> **WHAT YOU HAVE TO DO**:
Start at the first line of the material below and retype each line through the one containing "There will be", exactly.

> **MATERIAL PROVIDED**:
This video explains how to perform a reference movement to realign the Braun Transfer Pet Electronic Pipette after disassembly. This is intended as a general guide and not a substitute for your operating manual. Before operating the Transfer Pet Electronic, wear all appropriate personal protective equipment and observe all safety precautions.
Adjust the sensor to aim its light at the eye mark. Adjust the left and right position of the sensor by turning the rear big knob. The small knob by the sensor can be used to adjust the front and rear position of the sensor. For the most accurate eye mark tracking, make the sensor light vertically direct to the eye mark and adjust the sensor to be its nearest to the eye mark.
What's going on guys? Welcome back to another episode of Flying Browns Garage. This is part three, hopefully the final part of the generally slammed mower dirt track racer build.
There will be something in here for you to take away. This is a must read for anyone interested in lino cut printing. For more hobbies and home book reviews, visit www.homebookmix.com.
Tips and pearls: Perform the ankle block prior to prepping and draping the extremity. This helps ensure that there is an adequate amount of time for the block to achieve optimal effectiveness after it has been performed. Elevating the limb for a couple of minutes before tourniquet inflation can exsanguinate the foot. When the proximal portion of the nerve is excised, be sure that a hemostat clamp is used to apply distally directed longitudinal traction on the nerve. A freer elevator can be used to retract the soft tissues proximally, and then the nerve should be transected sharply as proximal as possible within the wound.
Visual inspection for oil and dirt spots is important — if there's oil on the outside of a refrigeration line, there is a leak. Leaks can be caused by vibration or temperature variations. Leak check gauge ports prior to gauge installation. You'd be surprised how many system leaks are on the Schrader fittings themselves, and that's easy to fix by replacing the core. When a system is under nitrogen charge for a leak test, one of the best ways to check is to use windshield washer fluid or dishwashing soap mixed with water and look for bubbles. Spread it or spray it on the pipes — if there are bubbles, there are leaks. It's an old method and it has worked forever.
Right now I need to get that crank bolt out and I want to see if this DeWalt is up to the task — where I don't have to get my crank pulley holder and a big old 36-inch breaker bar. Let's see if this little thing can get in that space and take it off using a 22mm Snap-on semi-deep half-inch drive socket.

> **TASK ANSWER**:
This video explains how to perform a reference movement to realign the Braun Transfer Pet Electronic Pipette after disassembly. This is intended as a general guide and not a substitute for your operating manual. Before operating the Transfer Pet Electronic, wear all appropriate personal protective equipment and observe all safety precautions.
Adjust the sensor to aim its light at the eye mark. Adjust the left and right position of the sensor by turning the rear big knob. The small knob by the sensor can be used to adjust the front and rear position of the sensor. For the most accurate eye mark tracking, make the sensor light vertically direct to the eye mark and adjust the sensor to be its nearest to the eye mark.
What's going on guys? Welcome back to another episode of Flying Browns Garage. This is part three, hopefully the final part of the generally slammed mower dirt track racer build.
There will be something in here for you to take away. This is a must read for anyone interested in lino cut printing. For more hobbies and home book reviews, visit www.homebookmix.com.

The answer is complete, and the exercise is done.